GREAT BEND, Kan. (KSNW) – A Great Bend woman is making a difference in her community by putting others before herself and inspiring the next generation one person at a time.
Jill Lane is described by her energy, her passion for teaching for over 20 years and her love for the Lord. This defines her as a remarkable woman.
“She always had that, that huge heart. She’s just very generous,” said John Lane, Jill’s husband. “She was a special education teacher, a regular teacher, and now she’s a youth group minister, but she always had that heart to help maybe the underserved or the underprivileged.”
Nearing the end of her nursing degree, Jill got a job as a para-educator.
“I’ve always fallen in love with kids,” Jill said.
This work and his nephew with special needs changed his trajectory to teach special education.
“I have a nephew who has special needs and high needs, like my own son, and he was born then, and so that’s kind of where I fell in love with not just being in the special education room, but to understand how hard it was for the children and their parents to go through the school system in this situation,” Jill said. “It moved me for special education.”
Jill has testified in court in child abuse cases.
“I have been to court. I have testified in abuse cases. You know, I’m a teacher, but I was there because I was the one who stood up and said, we have to save this child, and it’s hard because our system is broken, ”a- she declared.
During her career, Jill had to retire from teaching a few times.
“Our son Trenton was born with Lisencephaly, which is a brain disorder, which means his brain is smooth, so he’s extremely disabled physically and mentally,” John Lane said. “He can’t talk and can’t walk, he needs round-the-clock care, he has a seizure disorder.”
Trenton, 19, was not expected to live more than three years.
“A lot of kids with this disease don’t live more than two or three years, but I attribute Trenton’s lifespan to Jill’s toughness and not just not following the status quo, not listening to a doctor, to do his own research,” Jean said. “He didn’t handle the formula he was given, so she did some research, and now she’s basically created her own diet with ground foods and oils, and I really think, I think that’s the supported and allowed him to live to be 19.
Jill said it hasn’t been easy.
“I’ve always had my stockings, and I just told a story in church about how at one point in my life I gave up on God, you know, at one point in my life I said that there wasn’t because how does a loving God do that to a child,” she said. can’t breathe, see the pneumonia get so bad you hope to get to the hospital before he stops breathing, just a few days and days in the hospital trying to control a brain that doesn’t want to be controlled, yeah , there were dark times.
She said it was those dark times that taught her to be the light.
“If you look, there’s always angels in a nurse’s house, in a doctor’s house, you know, they’re around us all the time and, you know, if you’re just looking for that bright spot, it’ll be there, and that’s is how I stay positive,” she said. “I hope I can be an angel to someone in need.”
Jill has since found a way to continue teaching, but now it’s through her church.
Her students said she changed the youth program for the better.

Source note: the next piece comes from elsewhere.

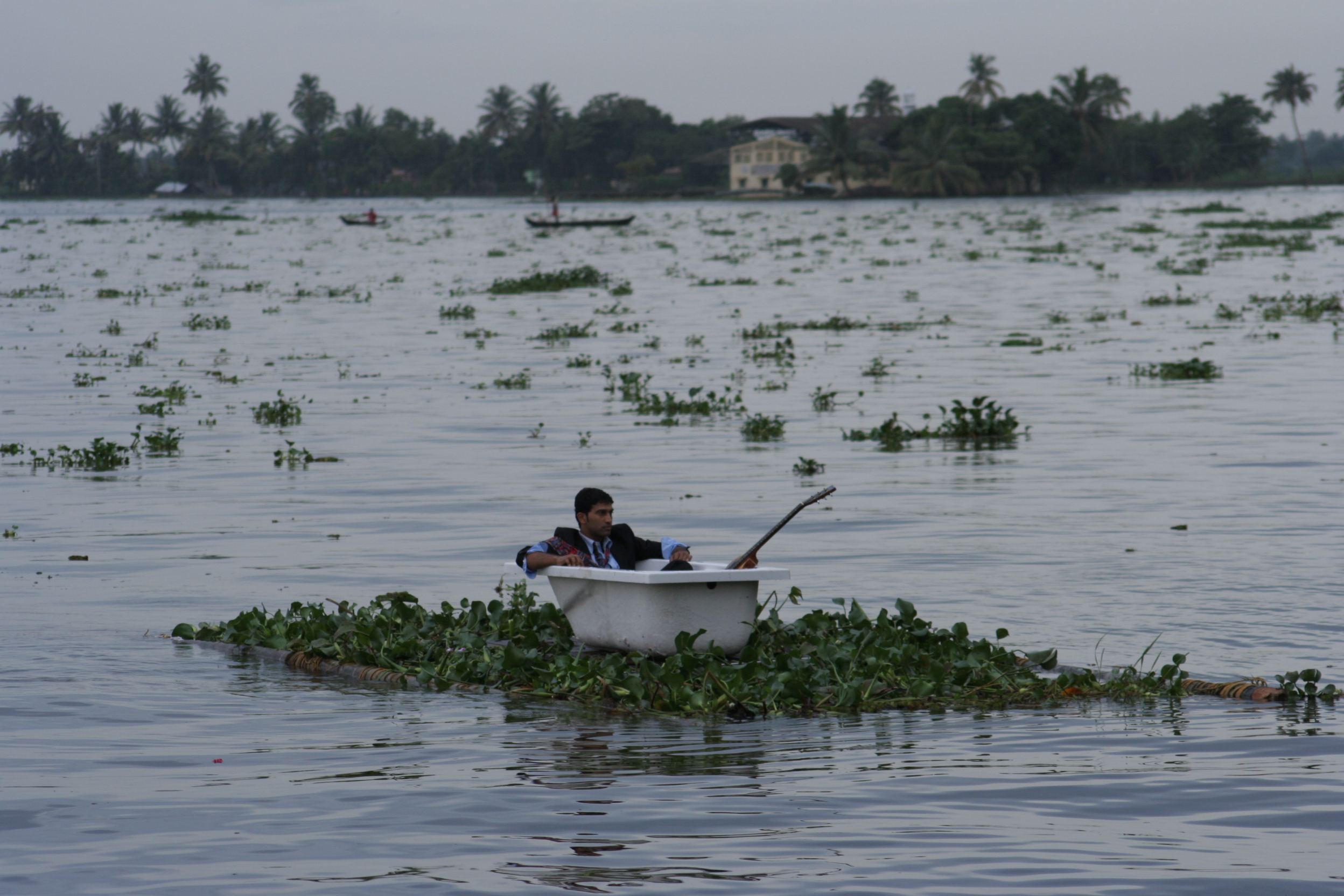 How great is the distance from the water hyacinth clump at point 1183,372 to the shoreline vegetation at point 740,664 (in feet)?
55.0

“She inspired me to love being a good person,” said Delaina Strickland, a youth group student.
“You can really tell how much she cares about us,” student Darcy Feist said.
“We had some pretty in-depth discussions about things and how she can really connect with us,” student Brody Feist said.
If you ask her why she does it, she says it’s to help the next generation.
“Every child wants to be loved, and it’s that simple, and when you have love in your heart, for someone else, no matter who they are or what situation they are in, they react to that, and I think that’s why I love teaching so much,” she said.
Her husband said you can find Jill tending to injured animals.
“It’s as simple as volunteering for a youth group or, you know, rescuing a cat from the street,” John said.
Jill has rescued animals like cats, baby bats, squirrels and other animals.
“We had a bad storm, and a mother bat got knocked over in our yard, and I thought she was dead, and I picked her up, and dried her off,” he said. she declared. “I cry every time animals die.”
It’s this passion for everything she does that her husband said people should learn from.
“If people just loved their neighbor and cared about their neighbor, that’s what Jill does, and I think a lot of people can take inspiration from that and use her as an example,” he said. “We would have a much better world.”
As for where Jill will go from here, she said her heart drives her to be a CASA volunteer to help children in difficult situations.